• Your assignment
Where the line containing "Phoenix, AZ 85018" appears below, begin there and reproduce each line exactly through the last one, omitting pictures.

• Data excerpt
########################################

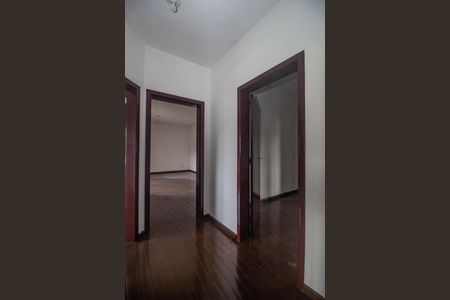 Apartamento para alugar com 180m², 3 quartos e 2 vagas Apartamento para alugar com 180m², 3 quartos e 2 vagasCorredor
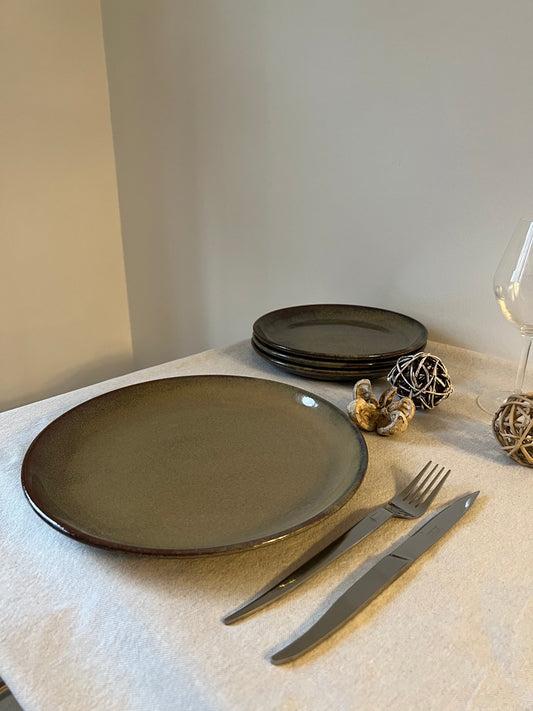 HOLIDAYS - Assiette plate kaki en grès - B&Inside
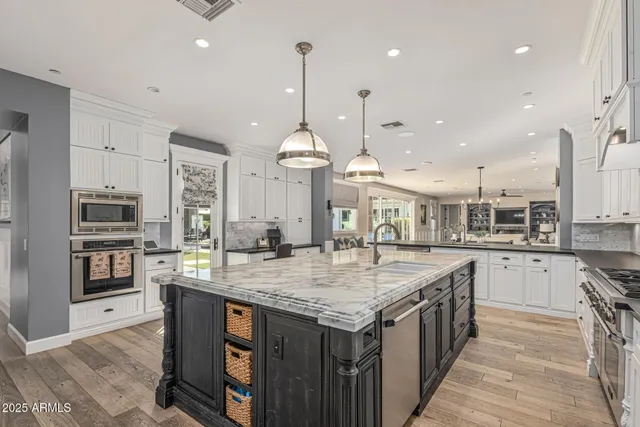 $4,675,000 | 4442 North 59th Place, Phoenix, AZ 85018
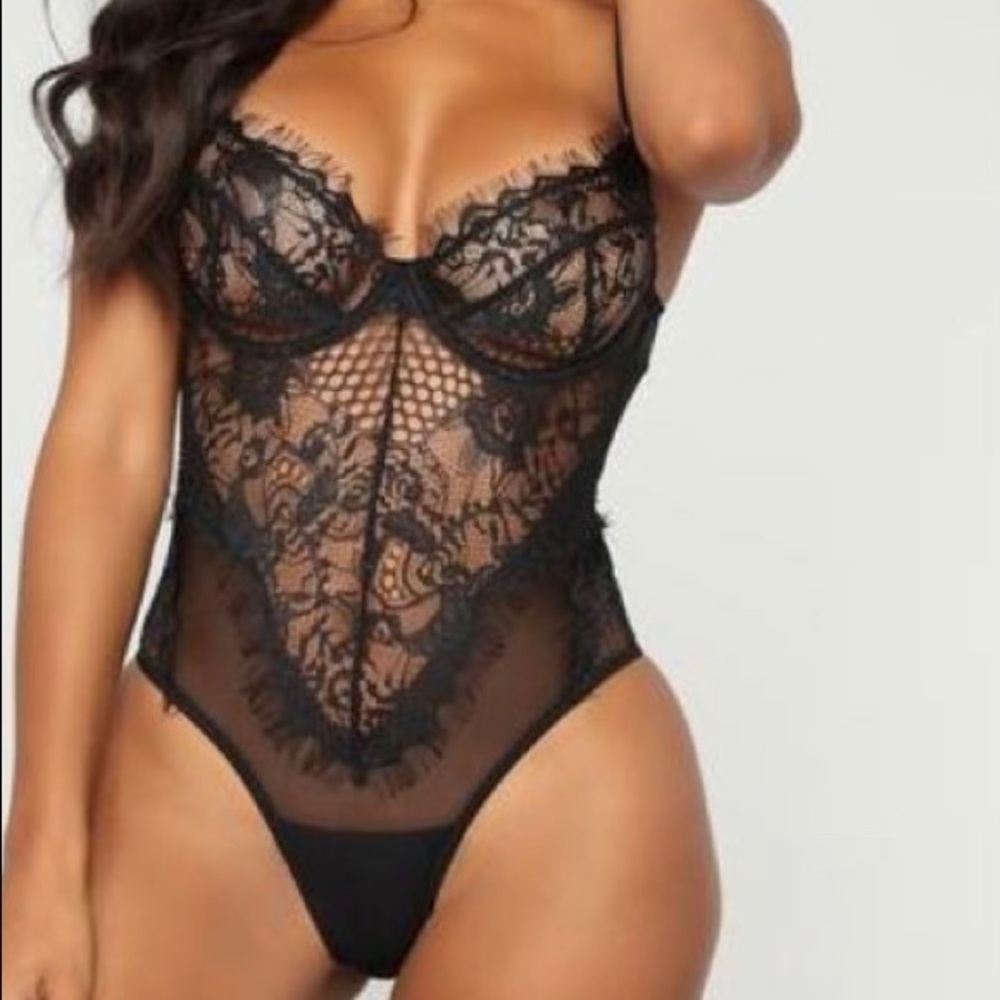Fashion Nova - Hopelessly romantic teddy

########################################

• Reply
 $4,675,000 | 4442 North 59th Place, Phoenix, AZ 85018
Fashion Nova - Hopelessly romantic teddy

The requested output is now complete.